A 10-point plan to assist in planning the sale of your business
While hundreds of components go into the successful sale of any business, perhaps the biggest challenge for any owner is not technical, but emotional. “Your business is bigger than yourself, it’s your baby, and although you want to see it prosper long after you’re gone, it’s incredibly tough to let it go,” says Amanda Reale, Certified Business Intermediary and Business Broker for Pacific M&A and Business Brokers Ltd.
That’s one reason why so many people put off preparing for a sale until well down the road and, at times, when it’s too late. It’s also why surmounting this emotional hurdle as soon as possible will make the seller better positioned to exit smoothly, as well as obtain maximum value for the company.
Pacific M&A President Pino Bacinello says it’s never too early to begin planning one’s exit. “All business owners exit at some point or other, and it’s either a voluntary exit on the owner’s terms, or involuntary, which can be devastating.”
So how do you prepare? Bacinello and Reale offer 10 points to consider:
- Retain a professional: Retaining a firm such as Pacific M&A can help provide clarity about what needs to be done and in what order. “Ideally this should be undertaken several years before your target exit gate,” says Reale.
- Optimize your performance: “This can include multiple activities, from staffing and inventory to systems and processes in order to maximize efficiencies,” says Bacinello.
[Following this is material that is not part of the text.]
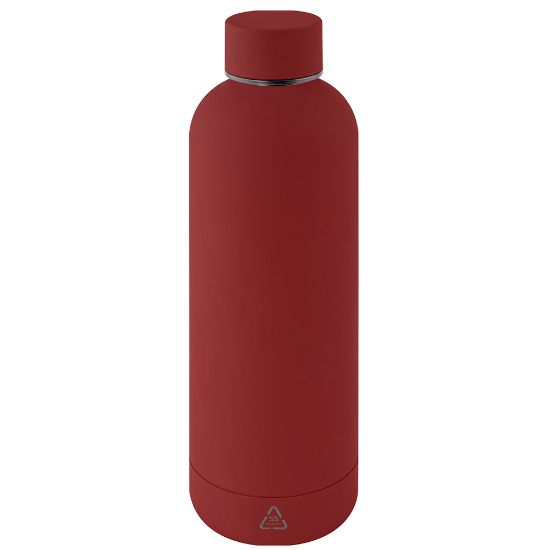 Imagen de Botella Rubber Reciclada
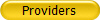 Providers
- Physical cleanup: Not unlike the sale of a house where the maximum price is often achieved through staging, the same applies to your business, and a buyer’s first impression is critical.
- Fiscal cleanup: Work with an accountant to remove non-business assets and expenses and clean up the books. “A prospective buyer’s confidence will diminish if they find issues,” says Bacinello. “Also, working capital is the lifeblood of any business and buyers expect a normal level of it upon transfer of ownership, so you have to understand it and learn to manage it.”
- Systems and processes: Documented systems and processes should be in place to make it easy for the new operator to step into your role.
- Make yourself disposable: Remove yourself from daily operations and engage your employees in processes such as cross-training so your business is less reliant on any one individual and specifically you as the owner.
- Reduce customer risk: If any single customer represents more than 10 percent of your total revenue, this is often a risk to buyers. The answer may be to expand your customer base.
- Written contracts: Having contracts in place, a high level of repeat customers, and a committed pipeline will give buyers confidence because this indicates that your business will continue without disruption.
- Know your valuation: Have an independent third-party like Pacific M&A provide a formalvaluation that includes historical data and future income potentials, market comparisons, cost methodologies and value drivers. This will demonstrate credibility to a buyer. In addition, this analysis will provide the owner with a benchmark of performance and is an excellent tool for identifying areas of inefficiency to be targeted for improvement.
- Create the right culture: Develop a culture among the staff that can be clearly identified and described to a potential buyer.
Finally, “Plan for your post-sale future,” says Reale. “This will help make the transition easier.”
Bacinello and Reale both agree that the one thing to avoid is negotiating a sale without professional help. “That can be an agonizing process, and entrepreneurs are simply not trained to do it,” says Bacinello. “So find a qualified advisor such as Pacific M&A that can help determine if a company should remain independent, merge or liquidate. This, in turn, dictates to whom you would sell and sets the correct stage for the steps to follow.”